On Tuesday last week family members including Marea’s sisters Carmen Sullivan, Deanne Green and Antoniette Tancredi, daughter Ronda Chagoury, son Jeff Yann and their partners, and granddaughter Renee, shared a meal and memories together.
Inevitably, they relived the surreal events of the past 10 years from the aching loss of Marea and the brutal way she was bludgeoned to death, to the slow process of the law.
It was a rollercoaster of hope and despair from an inquest which seemed to provide all the answers, to the devastation of the Supreme Court trial in Geelong where much of that evidence was disallowed.
Changes to the Evidence Act around hearsay evidence and double jeopardy have given the family hope, but they know it is slim.
Carmen said she hoped the lunch would be a day of closure, but it hadn’t been.
“Talking about it, there is no closure, and probably there never will be in my lifetime,” she says.
“I thought today I could lay Marea to rest; perhaps tomorrow I will let her go,” she says tearfully.
Ronda is holding onto reassurances from police that all the evidence – “that great big box with everything in it” – will be kept for 50 years.
“That makes me feel good,” she said.
“I have hope based on changing laws. Mum’s case is in the Year 12 text books in respect of hearsay evidence, and I believe that with these laws changed, if it ever gets back into court, all that evidence will be admissible,” she says.
For the women who planned to live out their lives as sisters growing old together, they feel every day the loss of what could have been, and are at an age that they feel justice for Marea may come too late for them.
“We know that these things don’t happen quickly,” said Deanne.

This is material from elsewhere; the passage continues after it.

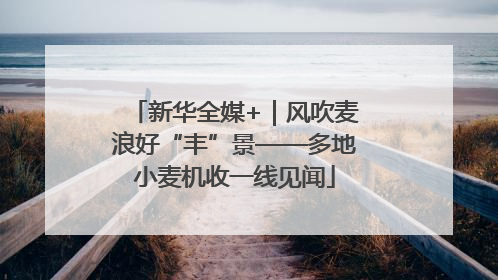 新华全媒+｜风吹麦浪好“丰”景——多地小麦机收一线见闻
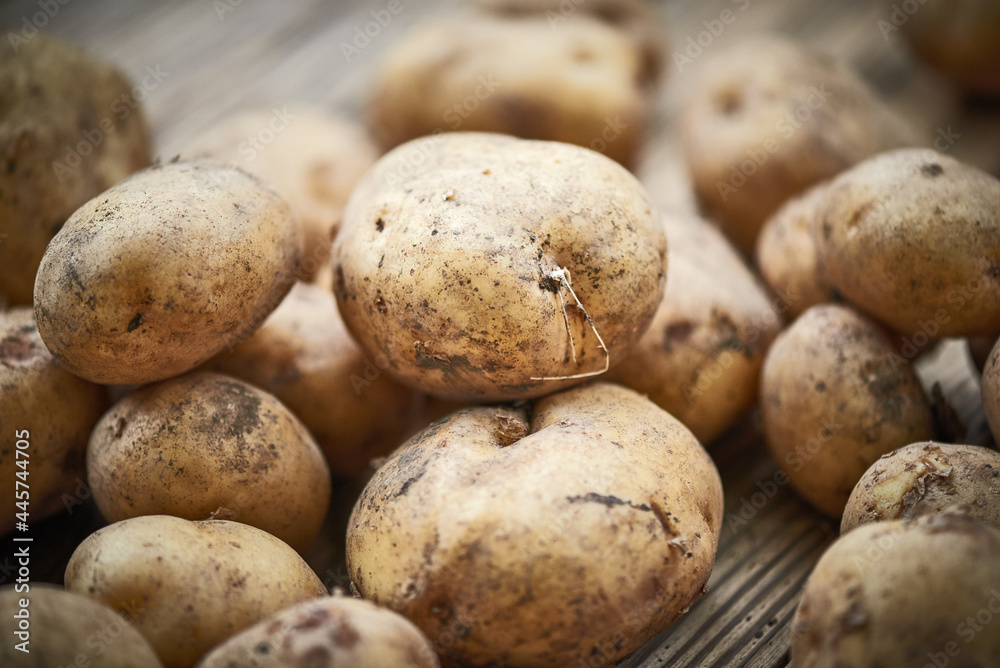 Freshly picked, home-grown fresh potatoes on rustic wooden background Freshly picked, home-grown fresh potatoes on rustic wooden background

“Even if the law changes, I feel every day that the man who killed my sister is walking free; that he was acquitted.”
“We take Marea with us wherever we go; in the car, in our thoughts, in the garden, and we look at ourselves, frumpy, getting older, and say ‘Marea would be like this too’, but she has not grown old.”
Asked whether he believes his mother will ever get justice, Jeff says he now looks back to the day Marea was buried when he said “Hopefully the good people will win in the end”.
“I think now, how naive was I, or perhaps it’s just that it’s 10 years on and while I feel so personally sad, we know the justice system is flawed, but we have survived this thing together.”
Renee was just 15 and she is happy to be with her family, particularly Carmen who she says reminds her so much of her Nonna.
“Nonna was our only grandparent, and it’s been really hard for my brother, Milan, and me.
“She brought everyone together,” she says. “I hope for now that my mum can heal a bit more, and my brother.”
It’s too early to say ‘time heals’, but around the table there is a sense, and some words that say Marea’s family are in a better place right now.
“We still believe there are very good people out there, but unfortunately some … .”. The words are too hard to speak, but she moves on, saying they find strength in Marea’s legacy.
“We still have the good moral compass that mum instilled in us,” she says.